» WHAT TO PRODUCE
Below is a listing; repeat exactly the lines from the one containing "this 1104×620 image." to the one containing "this 250×188 image.", both included.
----- RECORDS FOR THIS TASK
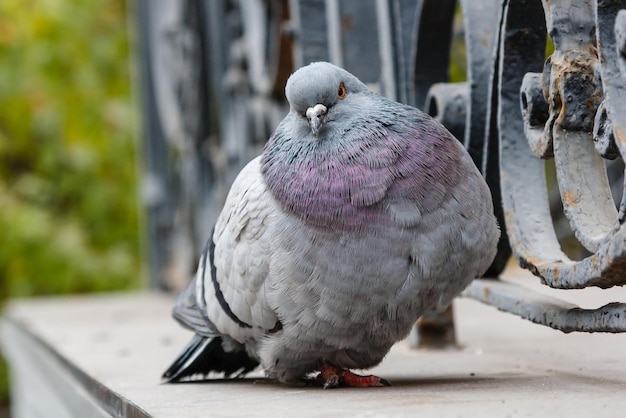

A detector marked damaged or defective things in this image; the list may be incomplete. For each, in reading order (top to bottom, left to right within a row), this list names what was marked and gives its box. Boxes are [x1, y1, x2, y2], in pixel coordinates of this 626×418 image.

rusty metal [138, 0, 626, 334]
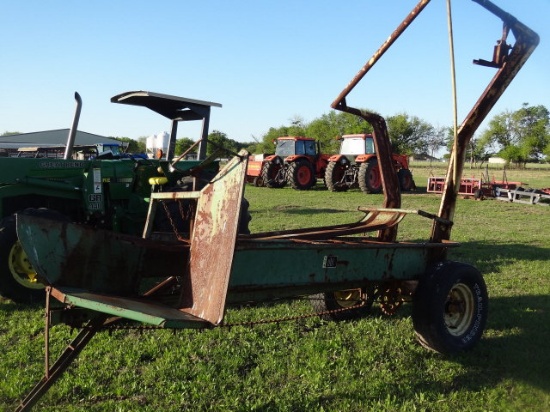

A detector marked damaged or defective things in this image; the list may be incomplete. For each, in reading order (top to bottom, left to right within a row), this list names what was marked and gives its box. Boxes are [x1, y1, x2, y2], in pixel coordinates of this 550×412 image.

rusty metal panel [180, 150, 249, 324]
----------
----- RECORDS FOR THIS TASK
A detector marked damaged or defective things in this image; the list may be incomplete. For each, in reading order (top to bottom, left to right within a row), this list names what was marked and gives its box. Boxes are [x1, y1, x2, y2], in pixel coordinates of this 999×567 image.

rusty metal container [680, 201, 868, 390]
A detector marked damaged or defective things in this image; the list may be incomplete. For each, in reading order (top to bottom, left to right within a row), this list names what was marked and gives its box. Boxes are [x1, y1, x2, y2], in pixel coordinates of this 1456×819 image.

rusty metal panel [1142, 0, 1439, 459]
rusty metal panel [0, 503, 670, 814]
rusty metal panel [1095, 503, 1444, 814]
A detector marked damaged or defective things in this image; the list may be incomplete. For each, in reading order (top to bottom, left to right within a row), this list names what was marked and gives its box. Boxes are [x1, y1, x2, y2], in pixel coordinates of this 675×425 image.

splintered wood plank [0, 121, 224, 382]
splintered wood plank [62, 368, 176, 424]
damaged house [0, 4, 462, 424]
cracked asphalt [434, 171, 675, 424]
----------
----- RECORDS FOR THIS TASK
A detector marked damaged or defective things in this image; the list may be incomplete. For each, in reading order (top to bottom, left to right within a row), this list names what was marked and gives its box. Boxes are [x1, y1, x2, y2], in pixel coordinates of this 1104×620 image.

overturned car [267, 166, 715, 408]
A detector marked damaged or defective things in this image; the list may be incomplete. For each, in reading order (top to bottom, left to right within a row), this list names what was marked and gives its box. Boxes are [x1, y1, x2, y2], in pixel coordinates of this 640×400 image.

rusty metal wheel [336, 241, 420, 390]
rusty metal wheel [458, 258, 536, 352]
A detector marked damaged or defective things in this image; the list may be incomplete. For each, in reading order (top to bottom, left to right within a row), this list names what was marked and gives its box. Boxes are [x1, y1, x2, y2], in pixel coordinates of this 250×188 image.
----------
» RESULT FOR THIS TASK
A detector marked damaged or defective things in this image; the list may be incomplete. For each, in reading order (top to bottom, left to right within a row), this list names what was marked and gives its box. Boxes are [x1, y1, x2, y2], in pixel coordinates of this 1104×620 image.

overturned car [267, 166, 715, 408]
A detector marked damaged or defective things in this image; the list may be incomplete. For each, in reading order (top to bottom, left to right within a row), this list names what was marked and gives its box. Boxes are [x1, y1, x2, y2], in pixel coordinates of this 640×400 image.

rusty metal wheel [336, 241, 420, 390]
rusty metal wheel [458, 258, 536, 352]
A detector marked damaged or defective things in this image; the list may be incomplete. For each, in reading order (top to bottom, left to right within a row), this list names what was marked and gives its box. Boxes are [x1, y1, x2, y2], in pixel coordinates of this 250×188 image.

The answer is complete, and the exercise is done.